Note that a library that allows a larger relative slowdown
may still provide better protection against denial of service
if it is faster to begin with.
## Cycle counts for random data
CPU cycles/byte to sort `int32[16]` on AMD Zen 3
(the three numbers are stabilized quartiles of many measurements _excluding_ 31 cycles of cycle-counting overhead):
* djbsort: 0.33, 0.34, 0.35
* far: 1.14, 1.14, 1.14
* vqsort: 0.92, 0.92, 0.92
* vxsort: 1.85, 1.93, 2.09
* x86simdsort: 0.91, 1.00, 1.01
CPU cycles/byte to sort `int32[1024]` on AMD Zen 3
(the three numbers are stabilized quartiles of many measurements):
* djbsort: 1.14, 1.15, 1.16
* far: 1.85, 1.90, 1.95
* vqsort: 2.34, 2.46, 2.56
* vxsort: 2.61, 2.63, 2.64
* x86simdsort: 2.61, 2.78, 2.96
CPU cycles/byte to sort `int32[65536]` on AMD Zen 3
(the three numbers are stabilized quartiles of many measurements):
* djbsort: 3.27, 3.28, 3.31
* far: 3.28, 3.30, 3.31
* vqsort: 3.51, 3.55, 3.60
* vxsort: 3.67, 3.71, 3.76
* x86simdsort: 4.15, 4.18, 4.21
See the separate [speed page](speed.html)

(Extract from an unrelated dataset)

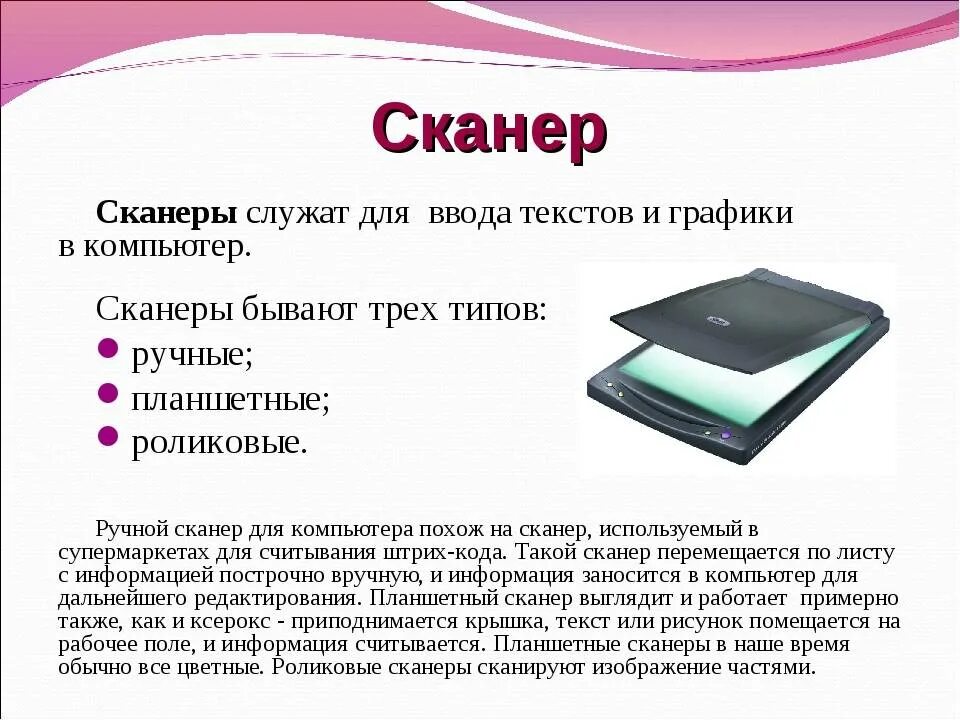 Как называется сканирование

for a more comprehensive comparison of cycle counts.
## Code size
Compiled AVX2 code size for a simple `int32.cc` that defines `void sortint32(int32_t *y,int n)` by calling the library
(text+data+bss for `int32.o`, plus text+data+bss for the relevant `*.o` files in the library):
* djbsort: 56+0+0 for `int32.o`
plus 25050+0+0 for `int32_avx2_C0-sort.o`
plus 1772+0+0 for portable fallback and dispatch (`dispatch_auto-sort_int32.o`, `int32_portable4_C3-sort.o`, `compilers*.o`)

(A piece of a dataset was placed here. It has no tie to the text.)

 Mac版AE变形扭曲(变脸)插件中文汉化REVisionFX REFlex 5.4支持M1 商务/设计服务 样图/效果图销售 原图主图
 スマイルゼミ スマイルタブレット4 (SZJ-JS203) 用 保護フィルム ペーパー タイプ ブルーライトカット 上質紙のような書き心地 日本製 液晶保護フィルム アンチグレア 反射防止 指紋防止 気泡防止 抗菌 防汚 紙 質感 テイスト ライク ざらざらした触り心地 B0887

* far: 24387+0+0 for `int32.o`
plus 0+0+0 (far is header-only)
* vqsort: 277+8+0 for `int32.o`
plus 266420+1224+24 for `vqsort_i32a.cc.o` plus some small support routines for dispatch etc.
* vxsort: 23483+0+0 for `int32.o`
plus 4096+0+0 for `avx2_masks.cpp.o`
* x86simdsort: 60+0+0 for `int32.o`
plus 3951712+8+0 for `x86simdsort-avx2.cpp.o` (all data types in the library are in a single `.o` file) plus some small support routines
An application with many calls to a big-header library such as far or vxsort
will incur many copies of the first number,
but can avoid this by instead calling an intermediate function such as `sortint32`,
so the overall code size includes only one copy of that number.
Compiled AVX2 code size for a simple `all32.cc` that defines `sortint32`, `sortuint32`, and `sortfloat32`
(text+data+bss for `all32.o`, plus text+data+bss for the relevant `*.o` files in the library):
* djbsort: 128+0+0 for `all32.o`
plus 25050+0+0 for `int32_avx2_C0-sort.o`
plus 445+0+0 for `uint32_avx2useint32_C0-sort.o`
plus 493+0+0 for `float32_avx2useint32_C0-sort.o`
plus 3960+0+0 for portable fallback and dispatch (`dispatch_auto-sort_int32.o`, `dispatch_auto-sort_uint32.o`, `dispatch_auto-sort_float32.o`, `int32_portable4_C3-sort.o`, `uint32_useint32_C3-sort.o`, `float32_useint32_C3-sort.o`, `compilers*.o`)
* far: not applicable
* vqsort: 677+8+0 for `all32.o` plus 266420+1224+24 for `vqsort_i32a.cc.o` plus 279990+1224+24 for `vqsort_u32a.cc.o` plus 244433+1224+24 for `vqsort_f32a.cc.o` plus some small support routines
* vxsort: 53557+0+0 for `all32.o` plus 4096+0+0 for `avx2_masks.cpp.o`
* x86simdsort: 132+0+0 for `all32.o` plus 3951712+8+0 for `x86simdsort-avx2.cpp.o` plus some small support routines
The `uint64` and `float64` functions in djbsort are similarly small wrappers around `int64`,
which is separate code from `int32`.